Ela virou-se para ele e disse;

- Pai, o Edinho não é mais nenhum bebê. Quantos anos ele tem ? Esse moleque já fala até em mulher, um dia ele vai ter que sair de casa.

- Não fale assim, ralhou ele.

- Tá bom.

E continuou:

- Não quero ouvir essas coisas, ele é o único filho homem que eu tenho, quero sempre a felicidades de vocês dois.

Ana se aproximou, passou a mão na cabeça do velho e,disse:

- Não fique assim, amanhã ele volta.

Ela afastou-se, foi até a cozinha e chamou dona Carmém, que trouxe um cafezinho ao velho.

Após tomar o café, vestiu novamente a roupa de trabalho e disse as duas:

- Vou abrir a oficina.

- Vá, possa ser que lá, você distrai-se.

- É melhor para você, pai ?

Ele não respondeu mais nada, atravessou a rua, ergueu a pesada porta de ferro e, começou a mexer num carro velho que a dias estava ali a sua espera, para um concerto.

Na porta do salão, Lili cochixava:

- Está tudo esquisito na casa do bode velho, é um entra e sai depois que o moleque dele viajou, a Carmém nem coloca a cara na rua, o que será que está acontecendo ?

Joaninha, encosta em Lili e as duas ficam num empurra, empurra na porta, na ânsia de descobrir alguma coisa.

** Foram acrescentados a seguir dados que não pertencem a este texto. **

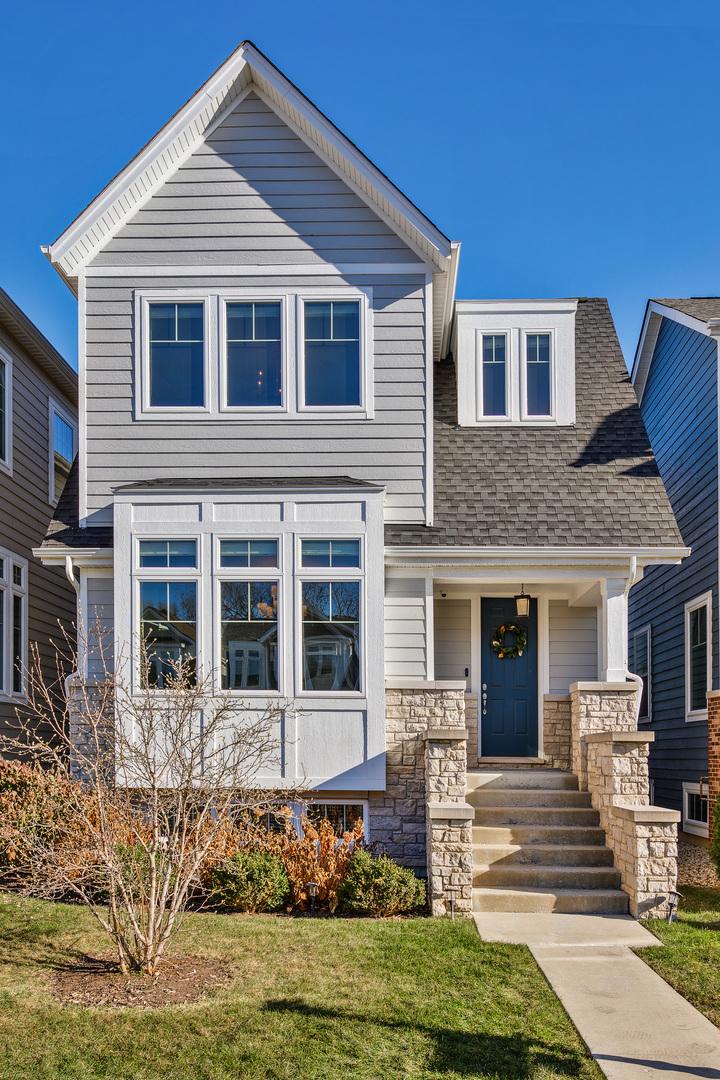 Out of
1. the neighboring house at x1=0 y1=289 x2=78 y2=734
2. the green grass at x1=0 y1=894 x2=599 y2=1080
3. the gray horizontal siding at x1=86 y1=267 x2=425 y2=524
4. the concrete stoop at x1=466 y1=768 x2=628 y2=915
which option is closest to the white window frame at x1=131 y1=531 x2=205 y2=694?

Faceiramente vem descendo escadaria abaixo Flávinho.

O rosto parece um facho de luz, cabelos encaracolados solto, brinco na  orelha  direita, uma tiara quase imperceptível, tênue, sutil, que prende a frente os cabelos, deixando a testa exposta.

Veste uma calça jeans delavrè, uma blusa azul marinho, sapatos esporte fino de couro marrom, meia azul marinho, no pulso um relógio de marca famosa e, no pescoço um colar de ouro branco e, no dedo um anel do mesmo metal, com uma pulseira reluzente e no rosto o óculos de aro vermelho.

Eis aí o galã.
- Ei, já vai heim ? diz Lili
- A senhora está aí ? respondeu ele.
- Claro filhote, aqui é o meu ponto de trabalho  e, boa viagem a você querido.
Ele a cumprimentou e, deu alguns passos adiante, parou um táxi, entrou e pediu que o levasse até a estação rodoviária.
Sentou no bando traseiro do veículo e ficou imaginando:
" Esta é  a minha chance de encostar aquele moleque na parede. Ou ele me encara desta vez ou nunca mais, vou ter que descobrir para que lugar eles irão e, dessa vez ele não se faça de besta.
O táxi estacionou na rodoviária, ele pagou a corrida, desceu do mesmo e sentou-se em um banco, a esperar o próximo ônibus.